Zum Beispiel soll eine Timeline auf Makroebene einen ersten Überblick über den Verlauf des Verfahrens schaffen. Dies ermögliche den Zugriff auf essentielle Daten vom Vertragsschluss über die Abnahme bis zum aktuellen Stand auf einen Blick. Im Einzelnen soll es möglich sein, die jeweils relevanten Dokumente den in Betracht kommenden Anspruchsgrundlagen zuzuordnen. Dies aber nur als Beispiel. Denn in der Gestaltung soll der bearbeitende Rechtsanwalt je nach eigenen Vorlieben und unter Rücksichtnahme auf das konkrete Mandat völlig frei sein. Das schnellere Erfassen des rechtlich relevanten Sachverhalts durch Zuordnung (und Ausklammern) einzelner Teilaspekte soll auch eine Arbeitsteilung einfacher gestalten oder überhaupt erst in effizienter Weise ermöglicht werden.

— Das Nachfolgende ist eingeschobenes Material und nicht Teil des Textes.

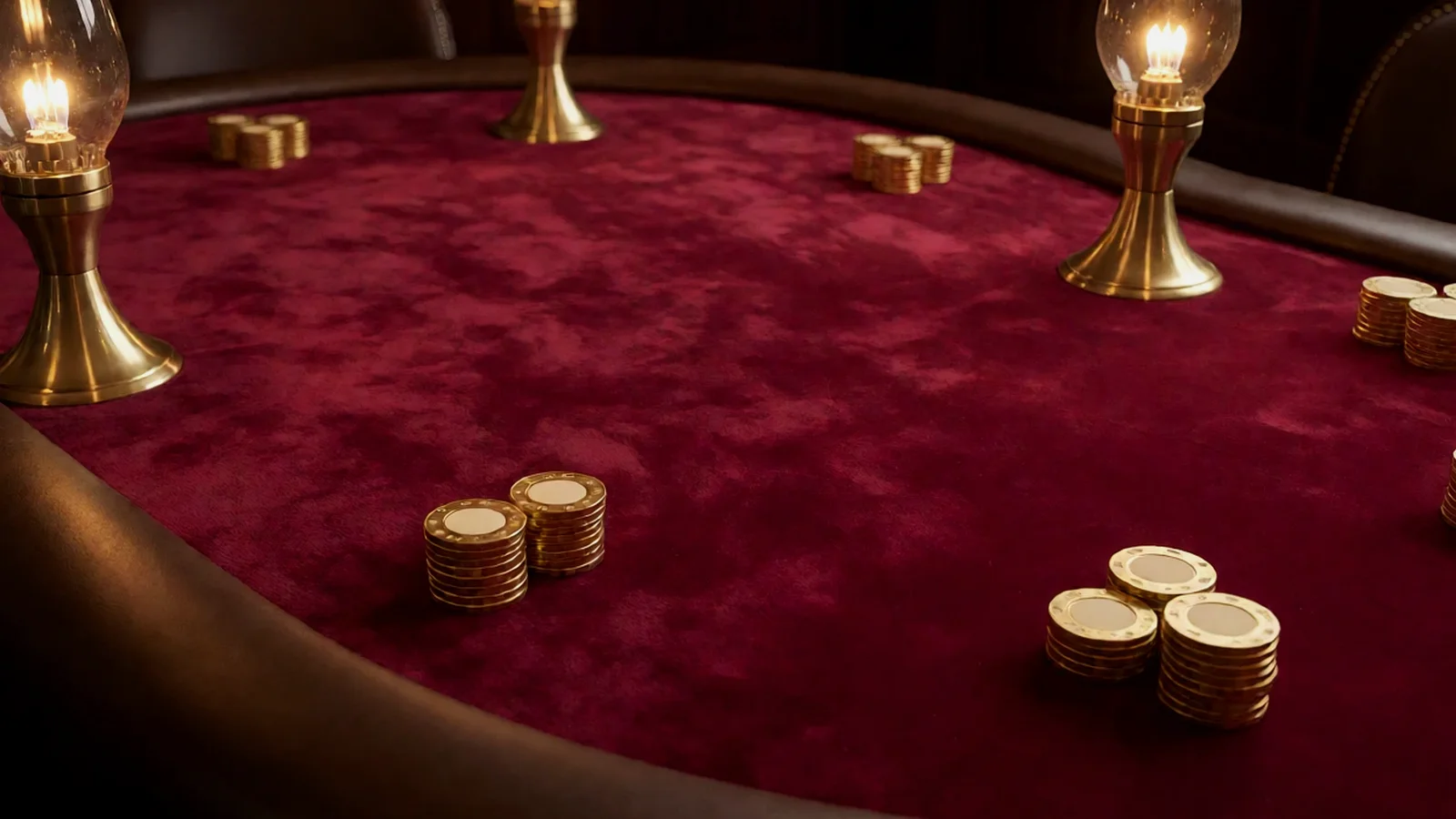 Kebet Hindi Live Dealer Tables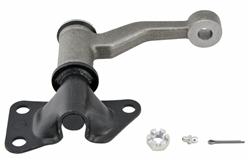 Moog Replacement Idler Arms for 1998-2004 FRONTIER, 2000-2004 XTERRA - K80592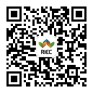 0731-82969909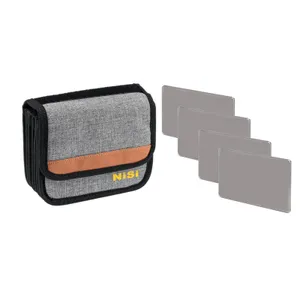 4X5.65 ND SET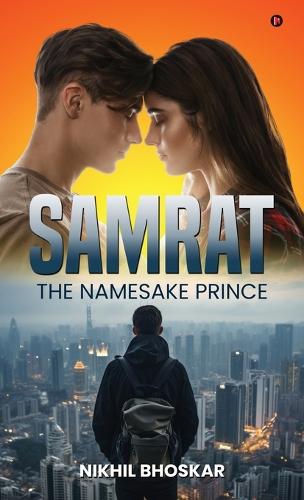Samrat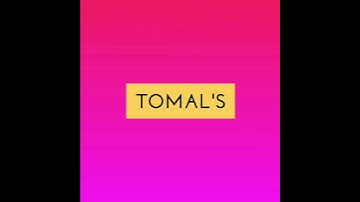 unfortunately com.android.keyguard has stopped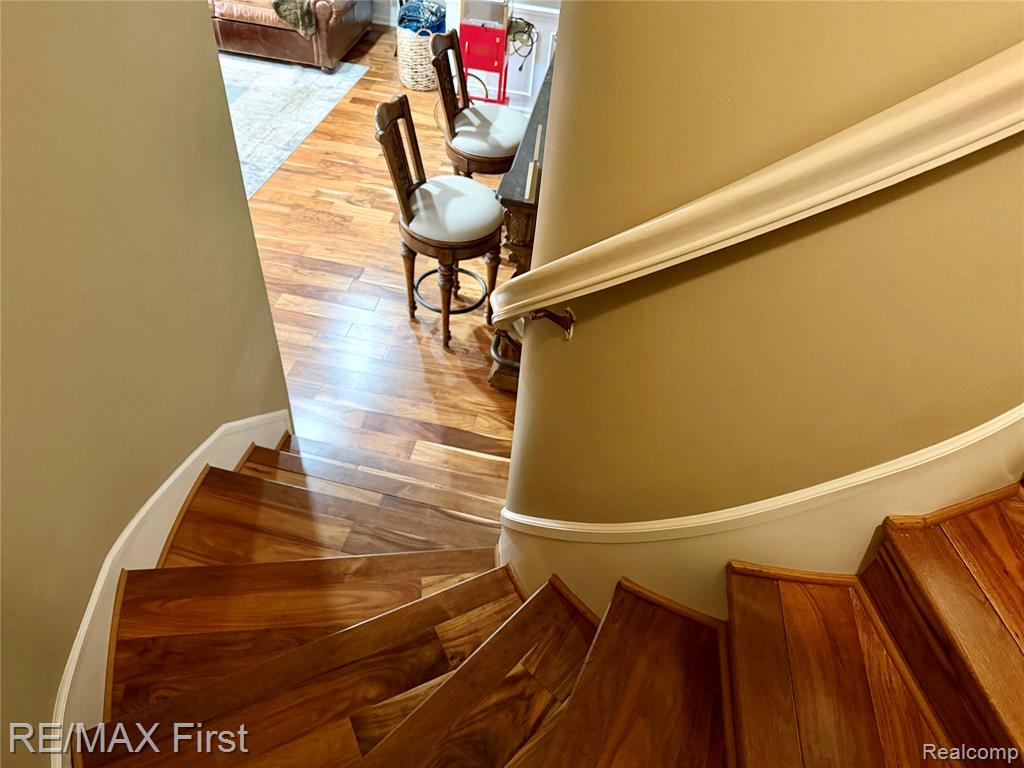 5998 Bella Vista Drive, West Bloomfield, MI — Photo 12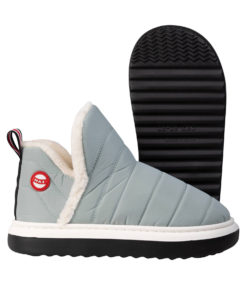 Hai Slipper vaaleanvihreä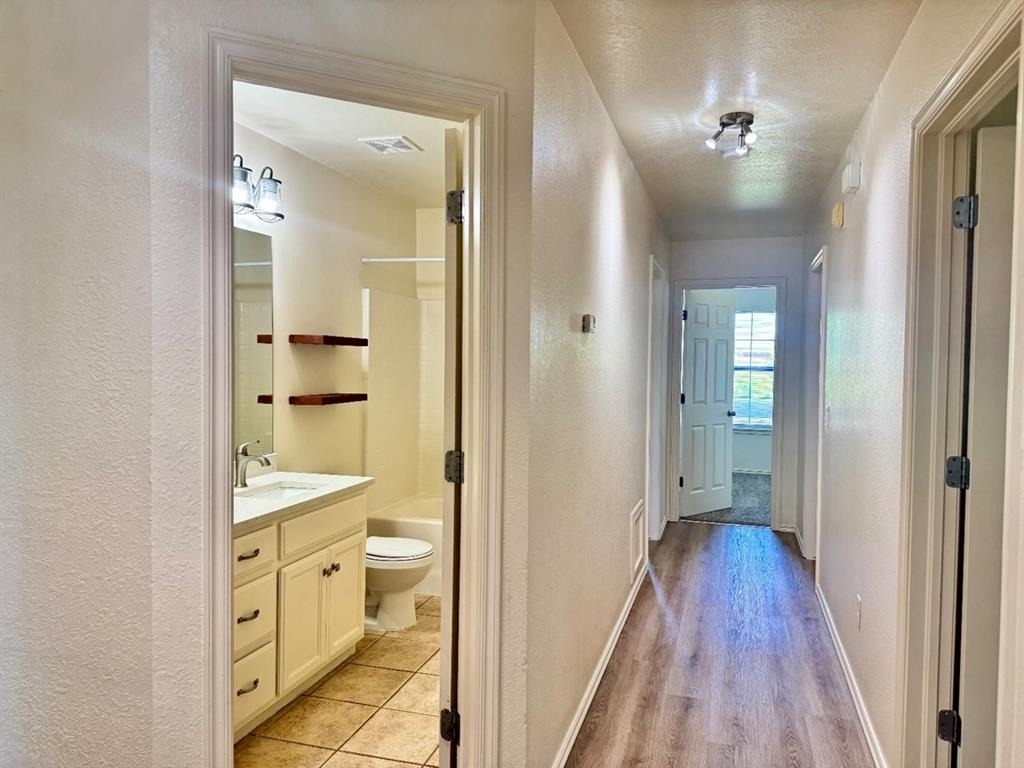 17609 Gold Drive - Photo 13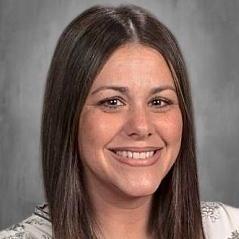 KelliWheeland's Profile Photo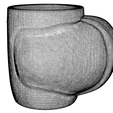 abstract_mug_39_010.png Abstract mug 39
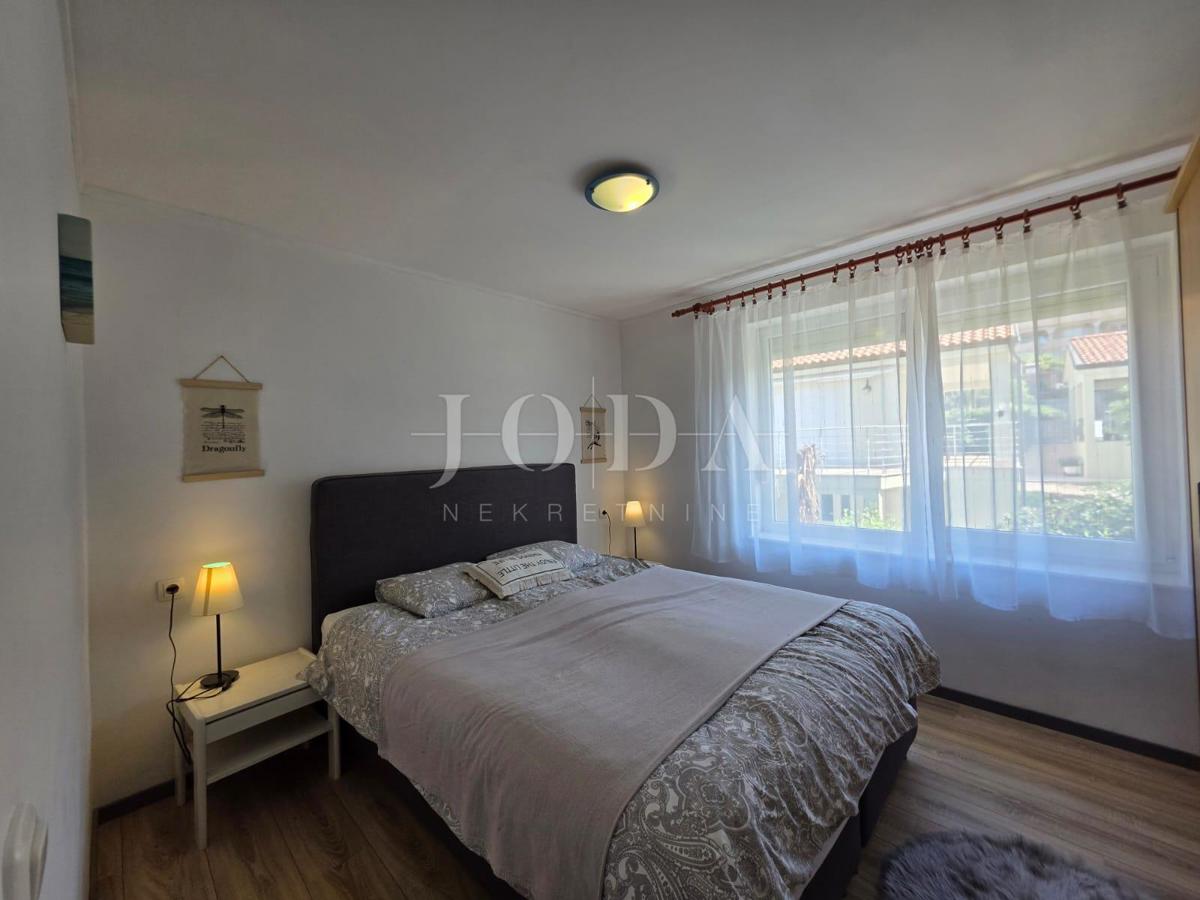 Hiša Dramalj, Crikvenica, 410m2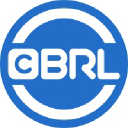 cryptobrl.com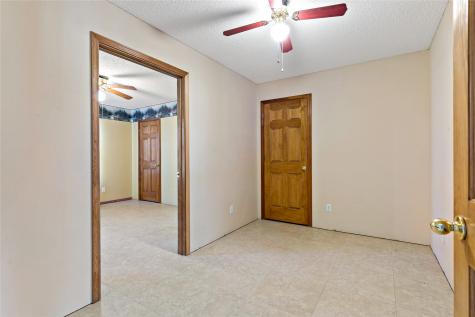 11090 Texas Highway 24 S Paris TX 75462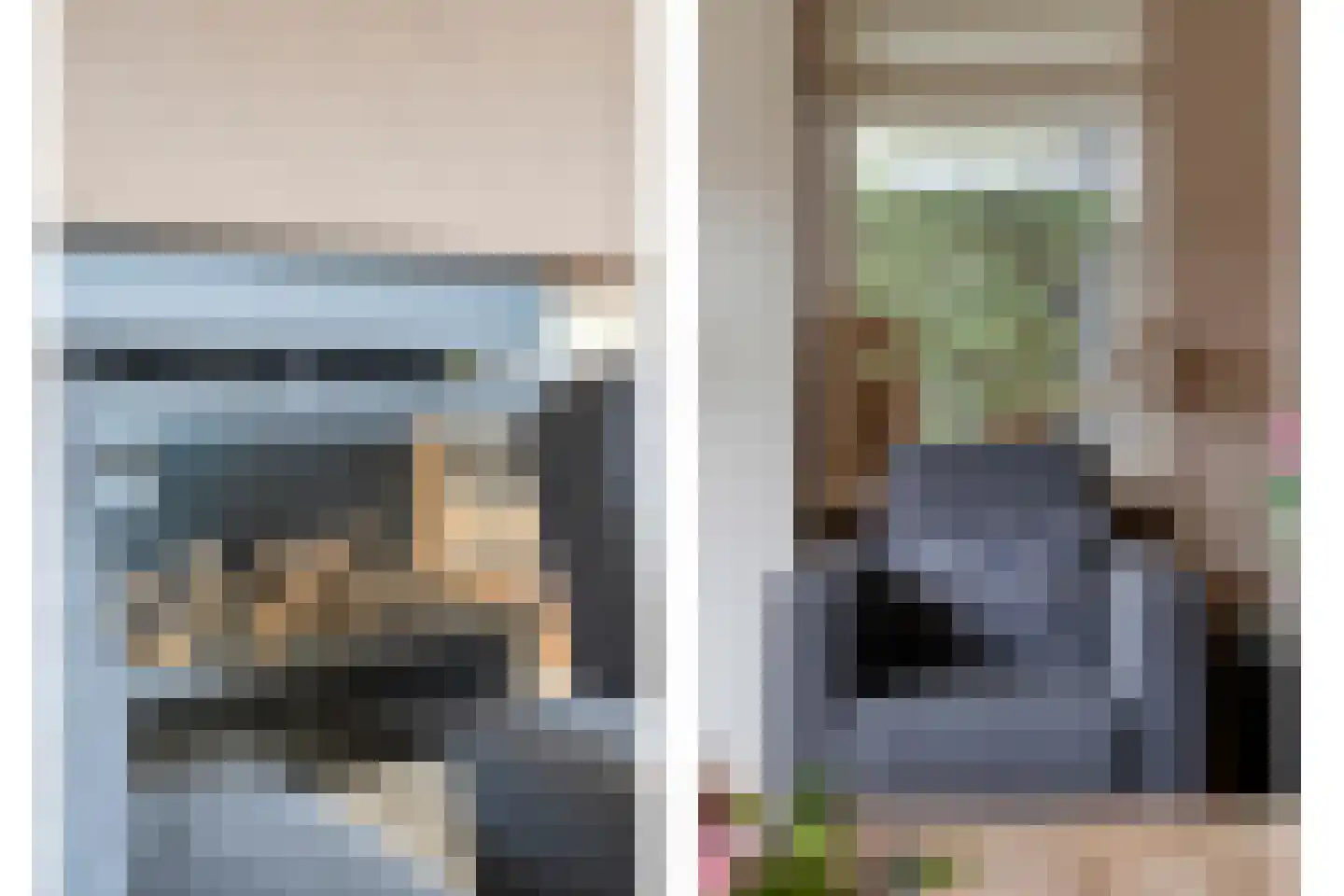 Pijlkruid 57 Nijverdal thumbnail 8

Rechtliche Relevanz mit einem Klick überprüfen

Abgesehen von der sachverhaltsbezogenen Arbeitserleichterung ist es im Rahmen der konkreten Rechtsanwendung schon jetzt möglich, vom Gegner oder vom Gericht zitierte Rechtsprechung mit einem Klick direkt über die Software anzeigen zu lassen, um so beispielsweise eine unmittelbare Überprüfung rechtlicher Relevanz zu ermöglichen. Sehr viel weitergehende Unterstützung in der Rechtsanwendung sind zwar geplant, aber noch Zukunftsmusik. Dabei geht es beispielhaft um die automatisierte Rechtsrecherche und um die selbstständige Zuordnung ähnlich gelagerter Fälle.

Ob sich die Softwarelösung von Wolters Kluwer tatsächlich durchsetzt, wird sich zeigen. Es dürfte aber zumindest fahrlässig sein, zu glauben, dass solche oder ähnliche technische Anwendungen, die anwaltliche Tätigkeit in naher Zukunft vollständig unberührt lassen werden. Zumindest kann es nicht schaden, die aktuelle Entwicklung des Legal Tech im Blick zu behalten. Dies vor allem dann, wenn es sich um eine Software handelt, die speziell auf das baurechtliche Mandat zugeschnitten ist.